5. Revised Penalty Framework for Non-Compliance with VCC’s Decisions on Economic Concentrations

Under Decree 102, non-compliance with the VCC’s decisions on economic concentration is now subject to the following separate penalties:

  • 1%–3% of relevant market turnover in the financial year immediately preceding the year in which the violation is committed, for failing to comply with or insufficiently complying with conditions attached to a conditional clearance decision (Article 41(1)(b)).
  • 1%–5% of relevant market turnover in the financial year immediately preceding the year in which the violation is committed, for implementing a prohibited concentration (Article 41(1)(c)), with associated structural remedies including mandatory split-up, resale of assets/capital, and pricing controls.

Previously, under Decree 75, the penalty range of 1%–3% of relevant market turnover applied to both (i) failing to comply with or insufficiently complying with conditions attached to a conditional clearance decision and (ii) implementing a prohibited concentration.
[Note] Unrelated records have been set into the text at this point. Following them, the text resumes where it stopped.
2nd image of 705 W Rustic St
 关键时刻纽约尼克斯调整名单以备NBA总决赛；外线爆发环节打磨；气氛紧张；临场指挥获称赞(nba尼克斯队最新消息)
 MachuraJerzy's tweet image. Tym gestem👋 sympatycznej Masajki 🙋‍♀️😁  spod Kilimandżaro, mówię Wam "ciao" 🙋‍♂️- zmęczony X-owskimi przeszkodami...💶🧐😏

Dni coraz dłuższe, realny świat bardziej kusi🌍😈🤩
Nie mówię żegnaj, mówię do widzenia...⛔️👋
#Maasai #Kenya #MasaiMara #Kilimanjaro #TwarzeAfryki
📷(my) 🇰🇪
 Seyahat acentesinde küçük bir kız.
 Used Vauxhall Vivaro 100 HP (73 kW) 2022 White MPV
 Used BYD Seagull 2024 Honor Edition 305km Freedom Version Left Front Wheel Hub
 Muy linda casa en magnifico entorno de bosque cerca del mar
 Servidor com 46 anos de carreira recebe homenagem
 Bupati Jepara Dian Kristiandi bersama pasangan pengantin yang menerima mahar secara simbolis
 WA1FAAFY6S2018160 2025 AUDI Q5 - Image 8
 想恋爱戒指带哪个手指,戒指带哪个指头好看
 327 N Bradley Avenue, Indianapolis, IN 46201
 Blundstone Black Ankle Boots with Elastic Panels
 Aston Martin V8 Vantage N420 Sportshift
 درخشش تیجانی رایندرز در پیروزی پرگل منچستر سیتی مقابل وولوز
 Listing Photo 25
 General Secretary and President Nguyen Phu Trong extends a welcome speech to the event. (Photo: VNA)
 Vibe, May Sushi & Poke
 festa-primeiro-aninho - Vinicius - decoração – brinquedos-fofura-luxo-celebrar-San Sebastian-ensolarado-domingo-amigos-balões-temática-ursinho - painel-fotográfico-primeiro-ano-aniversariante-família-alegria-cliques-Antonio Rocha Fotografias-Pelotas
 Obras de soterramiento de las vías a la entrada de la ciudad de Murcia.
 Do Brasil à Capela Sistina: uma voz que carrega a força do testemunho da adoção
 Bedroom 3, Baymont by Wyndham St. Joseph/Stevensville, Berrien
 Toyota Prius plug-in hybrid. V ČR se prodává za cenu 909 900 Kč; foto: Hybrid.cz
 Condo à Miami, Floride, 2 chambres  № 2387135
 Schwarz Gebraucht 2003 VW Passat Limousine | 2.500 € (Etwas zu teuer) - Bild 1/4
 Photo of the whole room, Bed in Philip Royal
Key Takeaways for Businesses

  • The new temporary Vietnam merger filing thresholds effective from 1 July 2026 to 28 February 2027, mean fewer transactions will require mandatory filing.
  • The new notification form demands more detailed disclosure on transaction structure.
  • The VCC now has powers to revoke decisions based on misleading, false and inaccurate submissions, with stand-alone monetary penalties.
  • The penalty framework for failure to notify and gun-jumping has been restructured into fixed monetary bands.

For more information on the matters discussed in this update, please contact: our Partner Thang Huynh, Regional Competition Counsel David Fruitman or Senior Legal Advisor Minh Anh Tran.

The information provided here is for information purposes only and is not intended to constitute legal advice. Legal advice should be obtained from qualified legal counsel for all specific situations.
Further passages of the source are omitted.